Nice, lightweight Ti construction for excellent comfort. Great classic dial with atomic lume. Battery replacement is a non-issue because of the kinetic movement, with the caveat being is you have to wear the watch or spin the weight as you would an automatic to maintain battery charge. Accuracy is always a non-issue for quartz, with this watch gaining three seconds in four weeks. The bracelet has a fold-out wetsuit extension. The flat crystal is very slightly recessed from the bezel. At first, the bezel was hard to rotate, but time and a spray of WD-40 (perhaps not the wisest thing to do) cured that problem. The bezel teeth are polished and look great, but probably didn't help the turning problem.

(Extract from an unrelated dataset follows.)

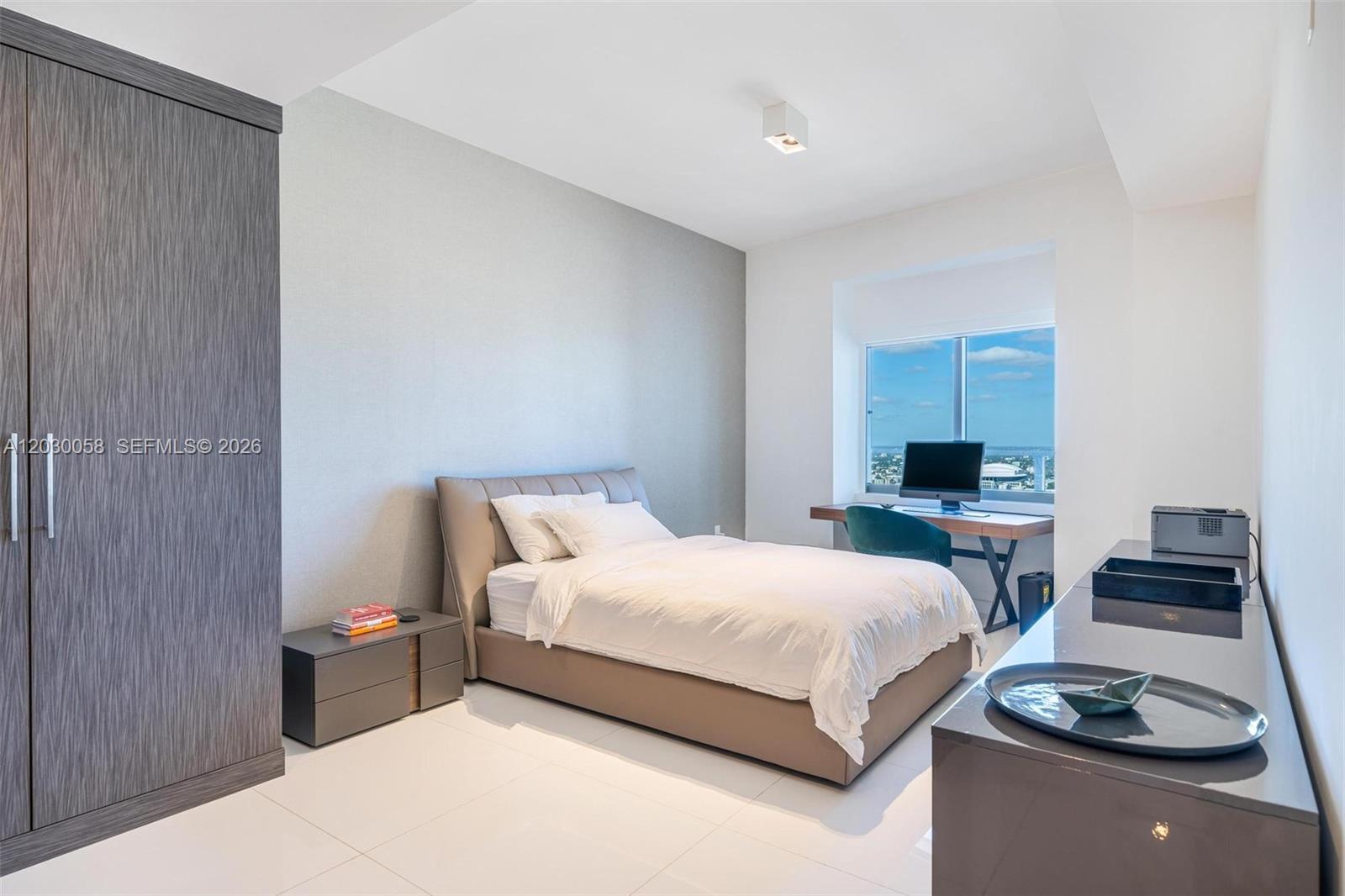 1100 Biscayne Blvd #5203, Miami FL 33132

The brushed Ti does not seem as hard as Citizen Duratect, but I have no problem with that. In addition, the watch, at 40 mm across, seems miniscule when compared to DOXA, UTS, etc., but still looks and feels right. I can see women liking this watch. As always, quality of JDM Seiko products is first-rate and greatly underrated.

Packaging included a standard Seiko Prospex cardboard box, which was just fine, especially considering the US $360 price point. The instruction sheet is well-written and comprehensive

I'm very happy with the Grey Ghost. If you are looking for a lightweight, comfortable diver that sports timeless, classic looks, along with real value, you will be happy with it, too.


----------